These areas need to be protected, and since the 1980s, 30 of them – mostly located in the desert – have been declared national parks. In the early 1990s, the environment ministry — led at the time by Nadia Makram Ebeid — laid out a plan to declare 40 areas as natural reserves by the year 2017.

But new discoveries were made, and the now includes 44 protected areas.

“Gebel Kamil, which is very rich in remnants of meteorites, was the last area declared a natural reserve,” says Kaissouny, referring to an area located in the southeast of Gilf al-Kebir, in the Western Desert, in southwestern Egypt.

Among the most important protected areas, in terms of biodiversity, are Wadi al-Gamal National Park, Gebel Elba mountain and the Wadi Allaqi reserve.

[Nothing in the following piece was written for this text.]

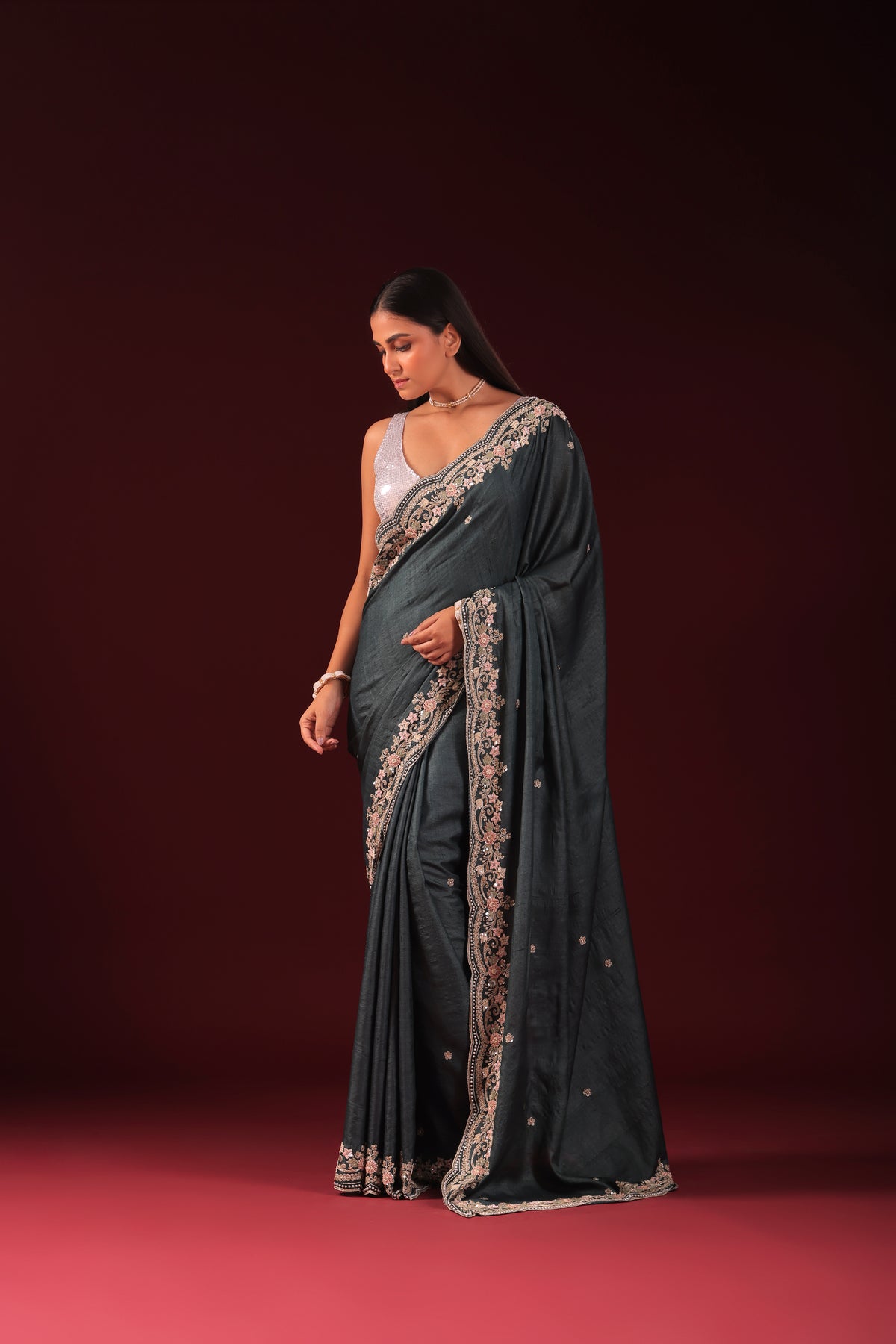 Tussar Zardosi Work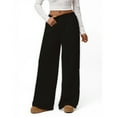 thumbnail image 2 of WTOBBY Women's Loose Comfortable Casual Plush Wide Leg Pants, High Waisted Solid Color Fleece-Lined Winter Trousers with Elastic Waistband,Black L, 2 of 4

Wadi al-Hitan, located in the Wadi al-Rayan natural reserve, is considered one of the most amazing archaeological spots in the world. According to a UNESCO report, Wadi al-Hitan’s unique whale fossils are proof that the whale’s ancestor was a land-based animal. This discovery put Wadi al-Hitan on the protected areas map.

But despite their importance, most protected areas have been extremely neglected for years, if not decades.

“After Nadia Makram Ebeid’s term as minister, there was a growing disinterest for Egypt’s national parks, which slowly degraded, Wadi al-Rayan being the most prominent example of this decay,” Kaissouny says. “If you go there today, you will not be able to enter. It is full of garbage and completely degraded — it is very sad.”
The Italian government designated and funded this natural reserve, and even though Egypt was not able to maintain it, it is now willing to reinvest and rejuvenate the reserve.

The government’s plan

The goal of the Tourism Ministry, together with the Environment Ministry, is to upgrade and renovate already existing natural reserves, to announce new protected areas, and to use them for economic and touristic purposes.

“This project aims to allow tourism investments within the protected areas of Egypt by loosening the restrictions on these protectorates, a little,” Tourism Minister Hesham Zaazou explains.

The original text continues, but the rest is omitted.